Posted: 16 May 2022
Over the last few weeks I have been reporting that things aren't taking place in the way that they have over the last few years. Since 2017 the swans have been nesting on the main island. Until last year, when they nested on the western tip, they had always built the nest at the northern tip of the island. It had become so routine I began not to bother to record when they had begun nest building.
This year was different. We did not see the kind of behaviour that I first described as Cambridge's ASBO Swan as nesting began when a lone male also appeared on site, but we did have a battle between two pairs in February.
On Friday, after visits by one swan then a pair over the last few weeks, we had three on site and battle commenced but, as with the Canada geese, this mating behaviour was late compared with previous years.

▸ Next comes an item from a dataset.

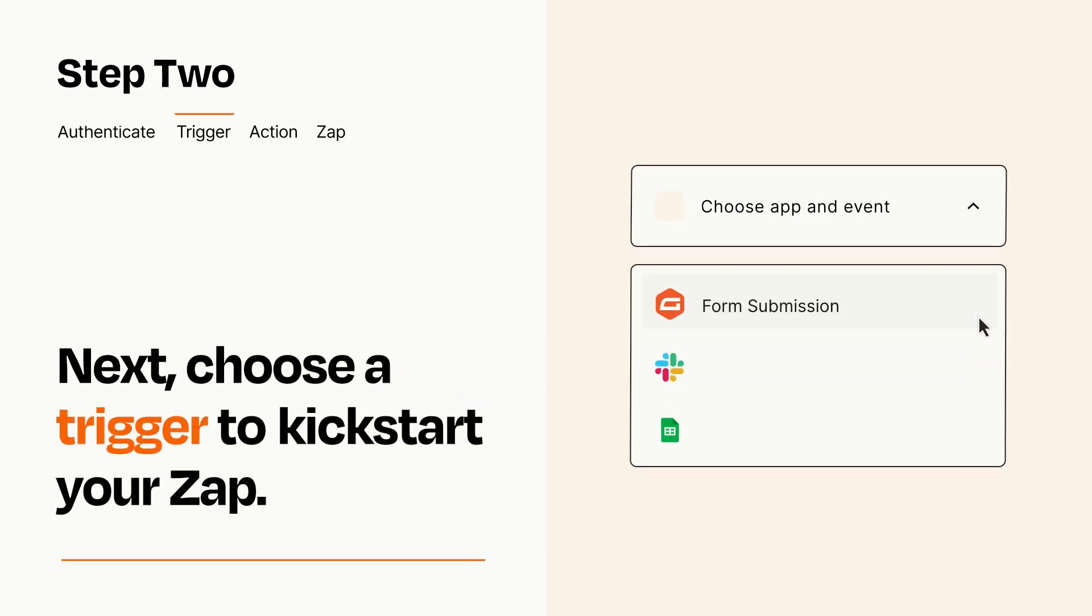Now let's set up your trigger, which is the event that starts your Zap. Pick the trigger event that you want from the list.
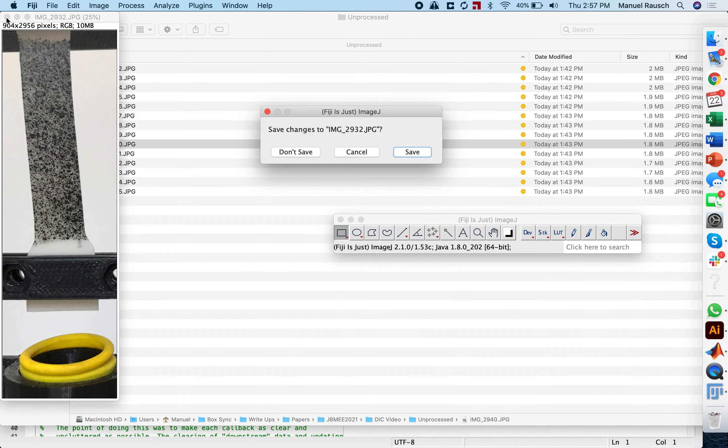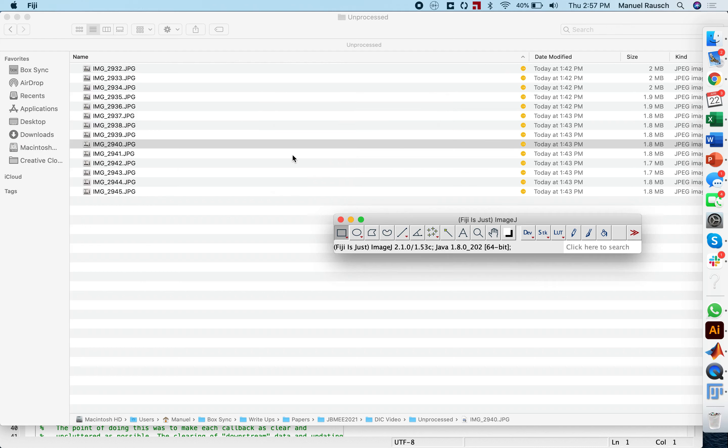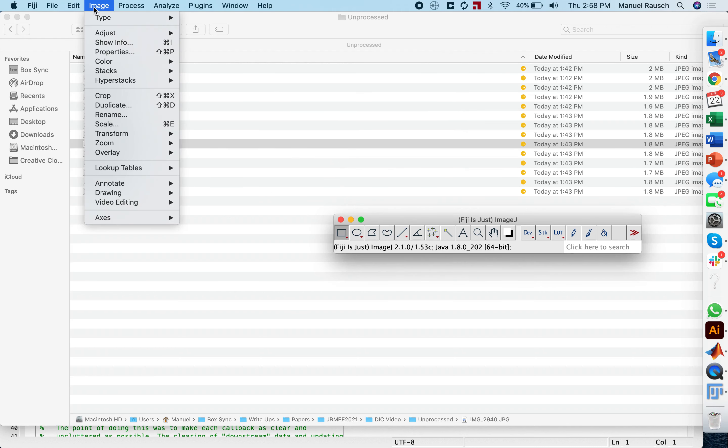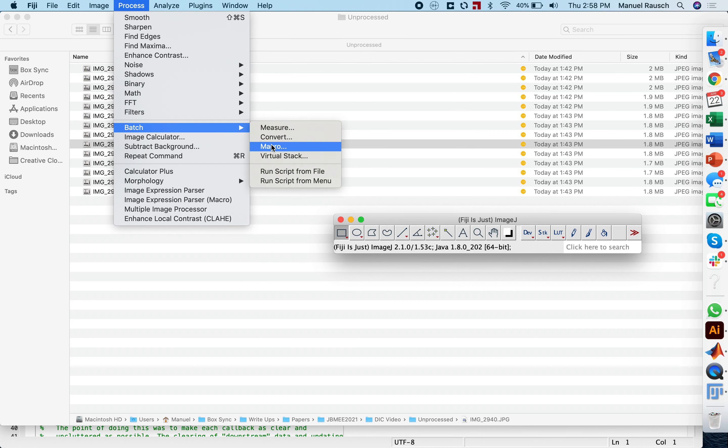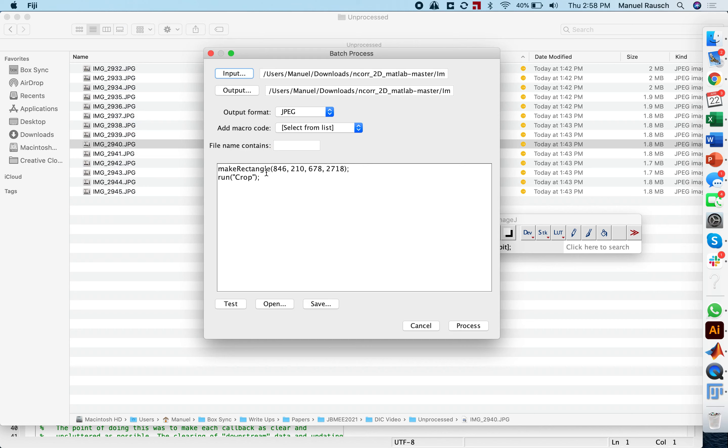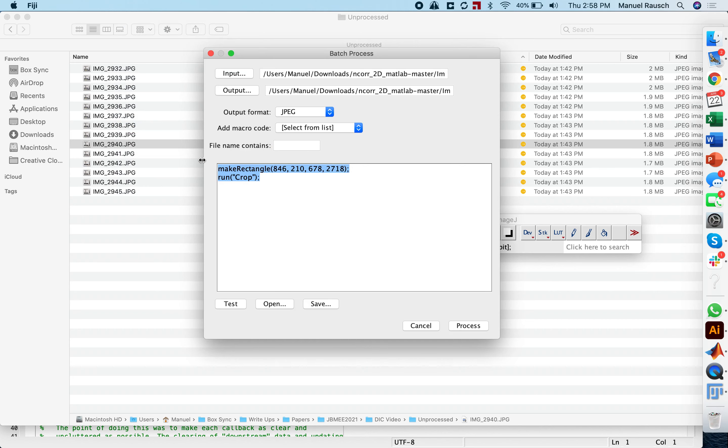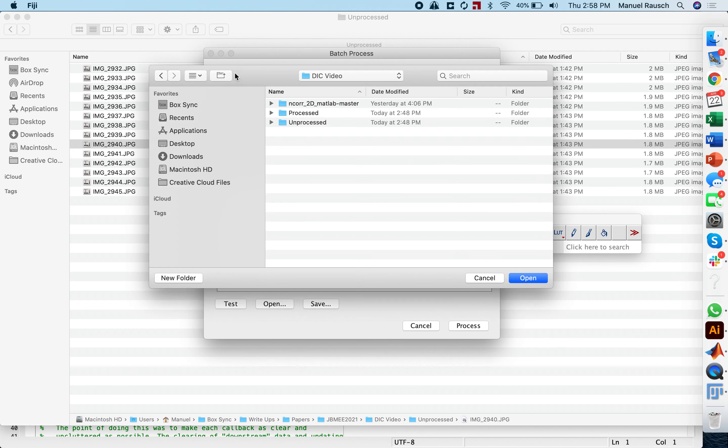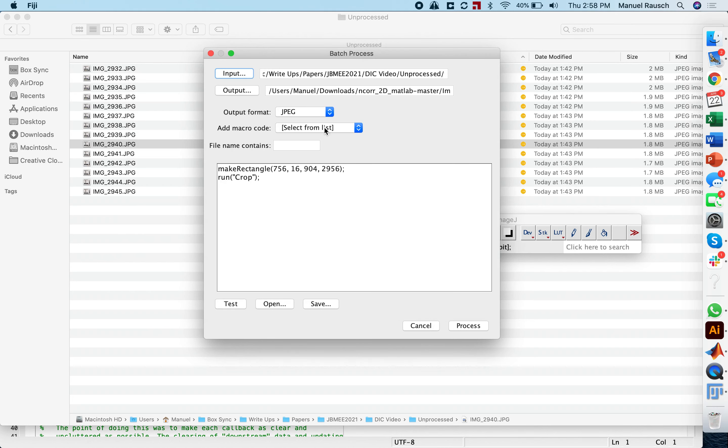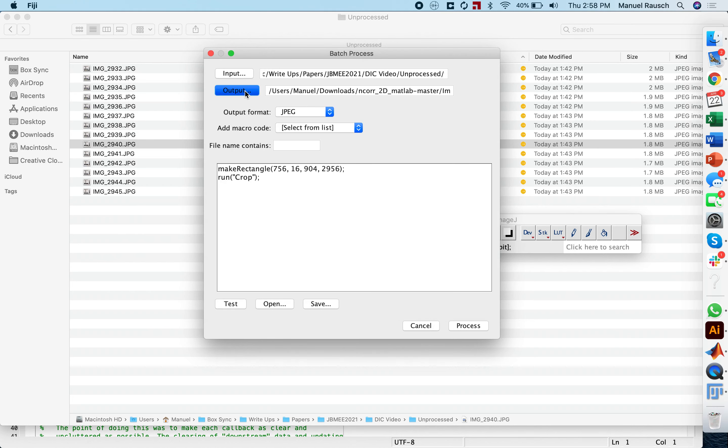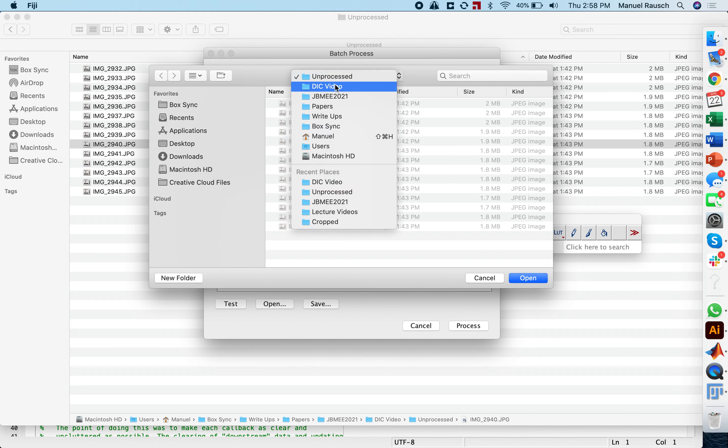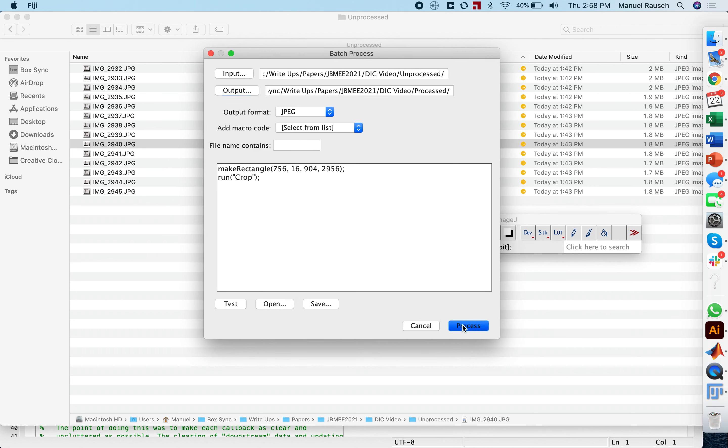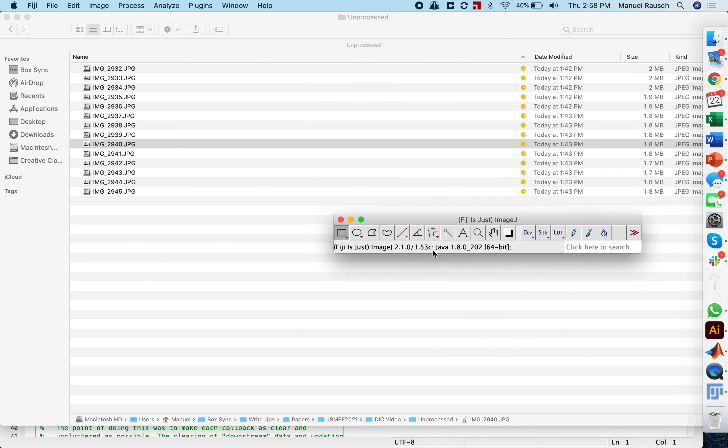I close this. I don't need to save this, but what I will want to do is actually a batch process. The images that I took, I'm going to go under batch and then macro. I ignore whatever's in here, and instead paste in what I just recorded. Here, I'm going to select the unprocessed images as the input, as well as the processed images as the output, and I click process.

I didn't witness the battle but was called into the lounge to see the waves on the lake that had been generated by the battle. By then all was calm but we could make out that the swans were just the other side of the fence separating us from the cottages next door. I went through the gate to find the pair in the water with slightly raised wings, a posture that seems to be adopted before a fight.
There were comings and goings over the weekend but by Sunday night (the photo was taken at 20:34), rather than a pair we had a single bird and it settled for the night on the traditional nest site at the northern tip of the island.
Why all this fuss about the swans? It is the swans that appear to see off the geese that the cottage owners have been concerned about in the past. With their tendency to poo every six minutes, the lawns behind the cottages can become a mess that gets transferred into the cottages causing a big cleaning problem for them.